The kindergarten was ordered to rectify its practices. "Whether it will be closed down depends on how the rectification goes," the government's statement said.
Administrators of the kindergarten said they just heard about the case and couldn't provide any other details, Taizhou TV reported.
Two other cases of abuse of young children by teachers have come to light this week.
In Shanxi's provincial capital of Taiyuan, a five-year-old girl got dozens of slaps on the face within 10 minutes just because she couldn't add up 10 and one, media reports said. The teacher has been put under a 15-day detention, the preschool was ordered to shut down, and the 40-plus children were sent to other schools. The incidence has triggered an overhaul of preschools in Taiyuan.
A four-year-old boy in Shanxi's neighboring province of Shaanxi was cut on the wrist with a saw as punishment for not performing well when exercising.
Teachers in such cases usually get sacked, but the most severe punishment generally has been a 15-day administrative detention, according to media reports. Internet users said abuse won't be deterred by such light penalties.

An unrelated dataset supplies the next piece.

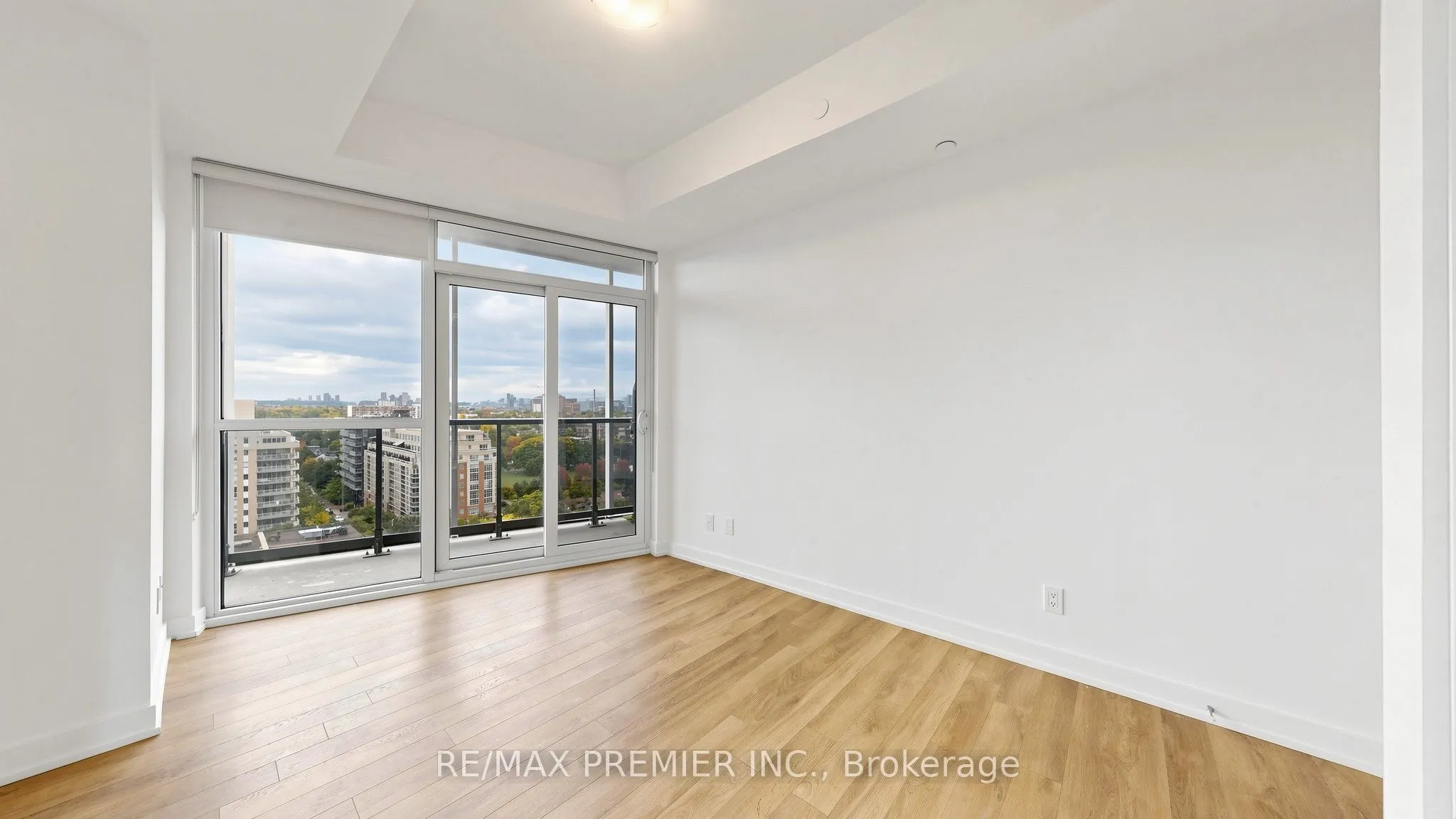 50 Ordnance Street #1105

"It would leave scars not only in the victims' hearts but also in other children," microblogger Chen Yuhang wrote. He also blamed education authorities for not supervising teachers and kindergartens well.
These scandals expose a lack of supervision and public investment in preschool education.
Government investment in preschool education accounts for just 1.2 percent of its total education expenditures, far less than the average of 6 to 8 percent in developed countries, according to Xinhua news agency.
Kindergartens are not part of China's nine-year compulsory eduction system, which enjoys strong government funding. A shortage of public kindergartens has led to the proliferation of private schools, which often lack the supervision implemented in public schools.
Cost-cutting and financial pressures lead many private kindergartens to pay their teachers less than their public counterparts. An education official in Wenling said private kindergarten teachers earn about 20,000 yuan (US$3,172) annually, just one-third of the average salary for public teachers.